Cutting costs is an essential part of staying competitive for any organization. While the current recession makes reducing costs all the more important, businesses should never stop looking for new efficiencies, regardless of the economic climate.
In accounts payable, finding places to cut costs can be extremely difficult considering the primary responsibility of AP is to pay bills. However, there are many ways AP can help their organization cut costs. AP can use its wealth of payment data to help the organization reduce spending.
A recent article published on CFO.com features methods that some companies have implemented to cut their costs. Many of these techniques require knowing exactly how much an organization pays for its goods and services – information that AP can provide.

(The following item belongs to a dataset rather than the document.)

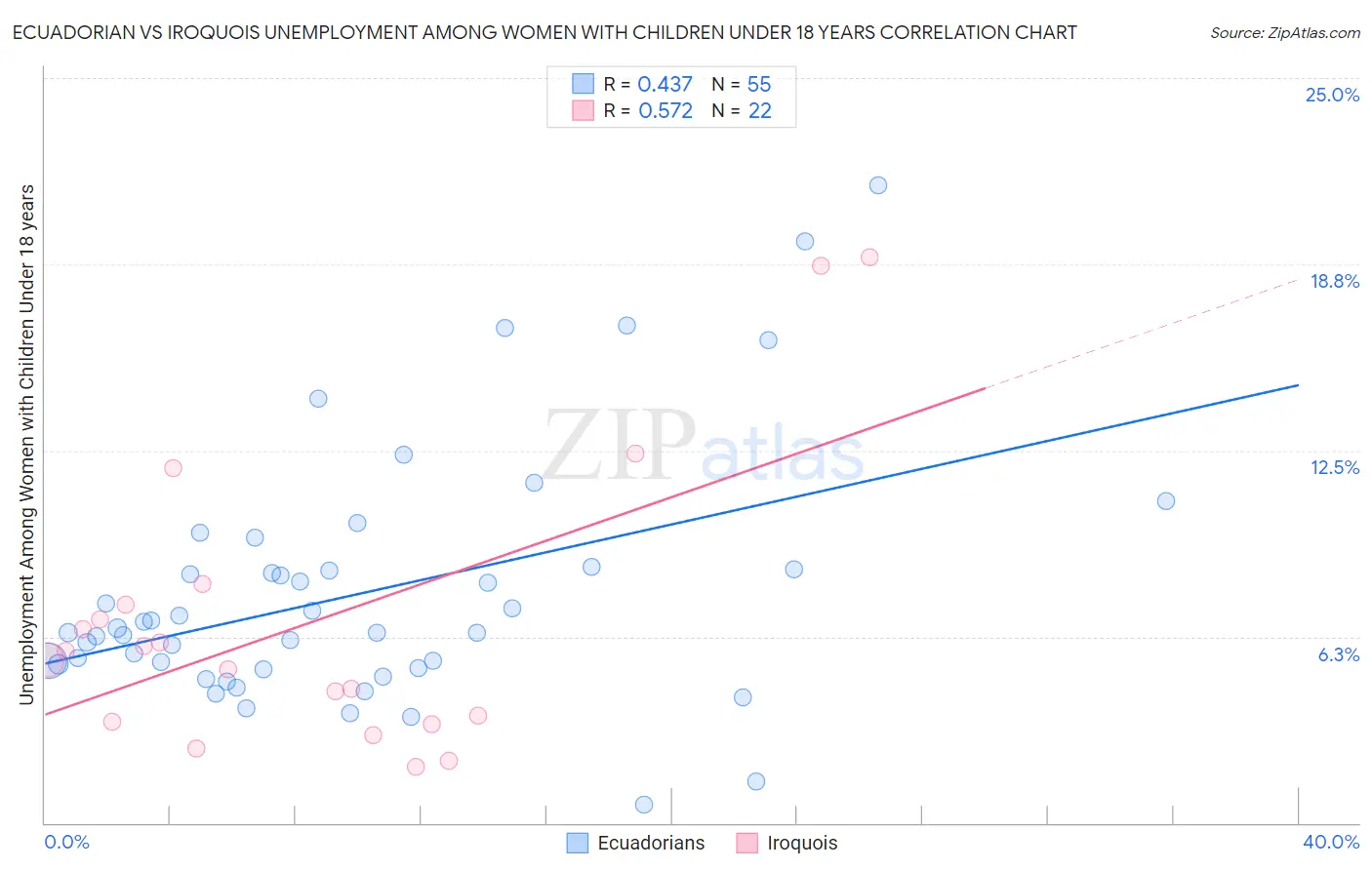 Ecuadorian vs Iroquois Unemployment Among Women with Children Under 18 years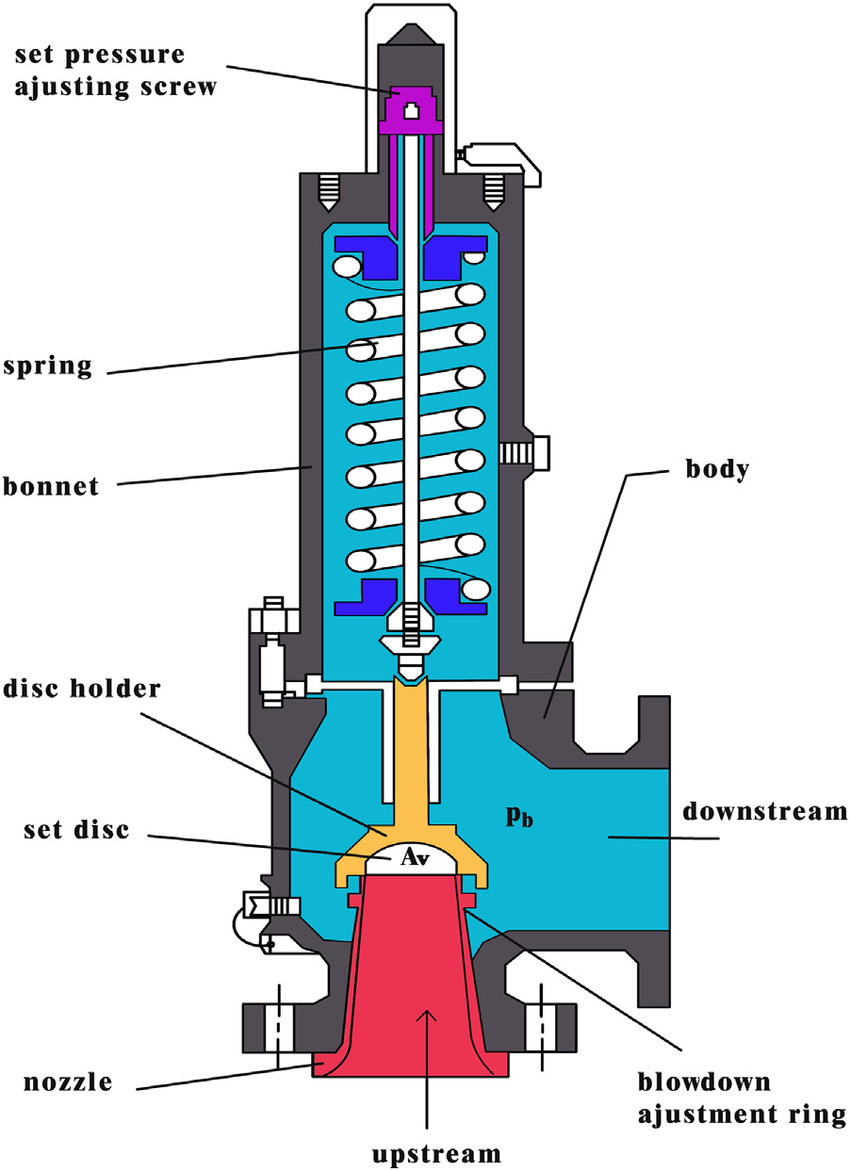 Boiler Pressure Relief Valve Overview - Piping Technology System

For example, one company featured in the article, XN Financial Services, recently discovered that business travelers to Canada were racking up large cell phone bills due to international rates. Many employees regularly travel to XN’s Canadian arm and use their company cell phones, which can double the phone bill.

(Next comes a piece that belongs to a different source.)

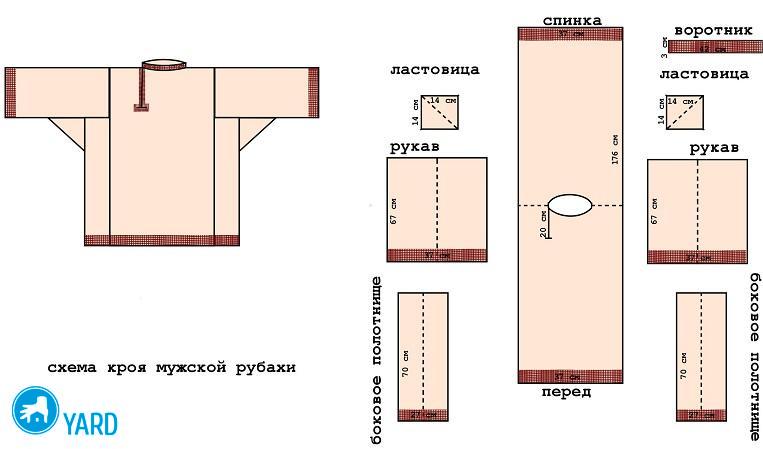 Как сшить рубашку?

The head of the company’s finance division realized that for just a few extra dollars a month, they could purchase the phone company’s international plan. According to CFO.com, the move is expected to save thousands of dollars a year. In addition, the company analyzed their hotel spend in Montreal and found that switching hotels would save them $75 per visit.

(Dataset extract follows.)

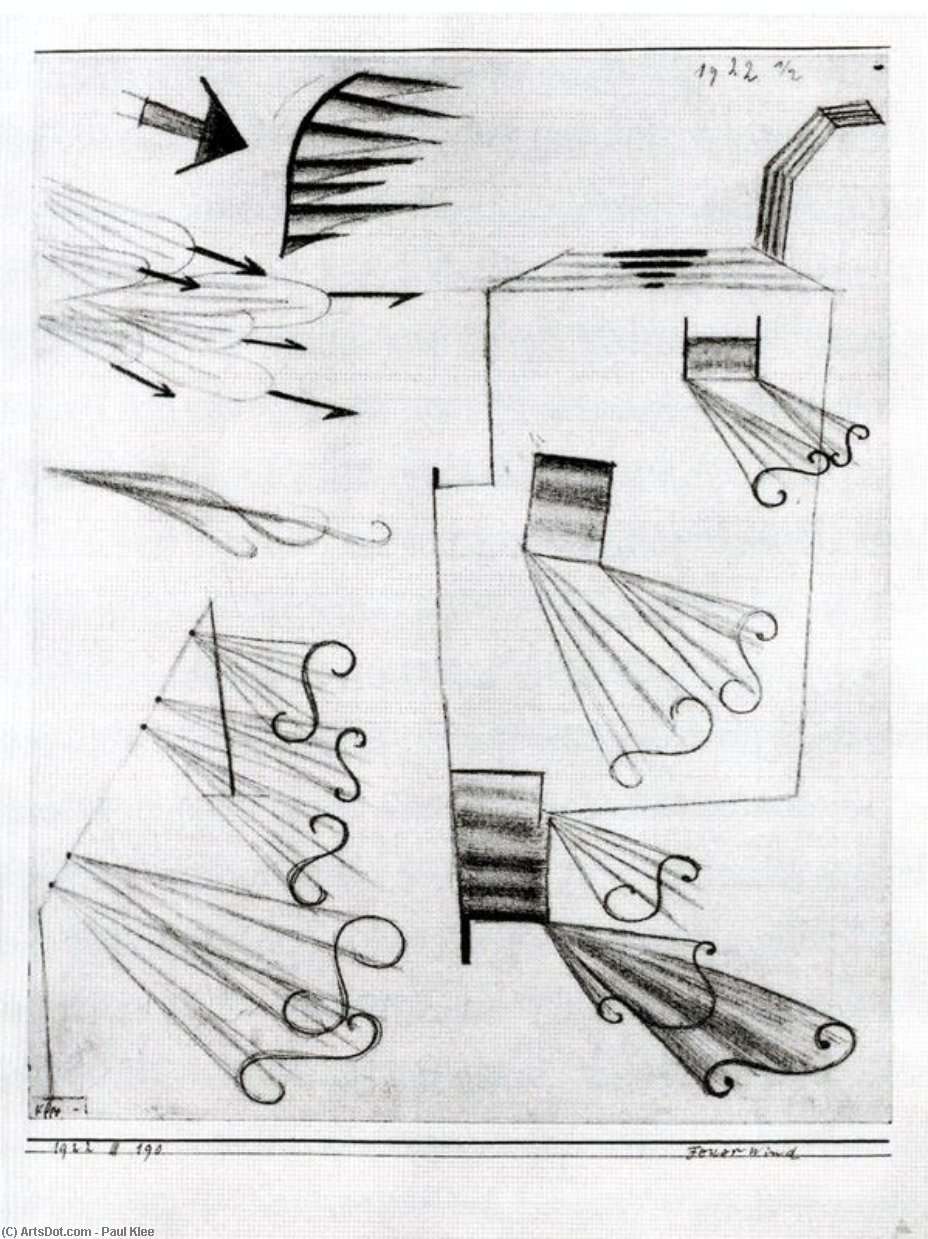 Paul Klee - Fire Wind 1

These savings could only be realized through spend analysis, which is one of the AP department’s most powerful weapons. AP can analyze spend data to look for opportunities to renegotiate rates, consolidate vendors, or identify offered discounts that were never captured.
There are many other strategies AP departments can adopt to help their organization reduce costs. The following suggestions are provided courtesy of The Accounts Payable Network’s “50 Ways to Cut Costs in AP” resource. These include:
- Adopt P-card Settlement. Paying AP invoices with purchasing cards allowed Huntsville, Ala.-based Teledyne to receive a rebate large enough to cover the salaries of its entire AP department. Teledyne pays $15 million annually with p-card.
- Look for uncollected credits. A slowdown is business is a great time to look for credits. According to TAPN consultant Judy Bicking, many organizations have uncollected credit memos and cash advances.
- Save Time with Automated Workflow. Karen Apps with Gate Petroleum says that workflow allowed her team to reduce the time it takes to approve an invoice from more than two weeks to less than one.
- Adopt e-Payment. The average cost of processing an ACH disbursement is $1.38, according to TAPN benchmark data. In contrast, the cost of processing a check is $5.14.
- Enlist Sourcing. Getting vendors to send electronic invoices and offer discounts starts with sourcing. Work with procurement to promote both initiatives with suppliers when building the contract. When AP and purchasing communicate together, vendors know what the organization expects.
Implementing these and other cost-cutting initiatives can help your AP department trim the fat wherever possible. It’s important to remember that these best practices aren’t just ideal for a recessionary time. Once things rebound (fingers tightly crossed) it’s still important for AP to identify ways to reduce expenses. This kind of initiative goes a long way towards improving AP’s image throughout the organization.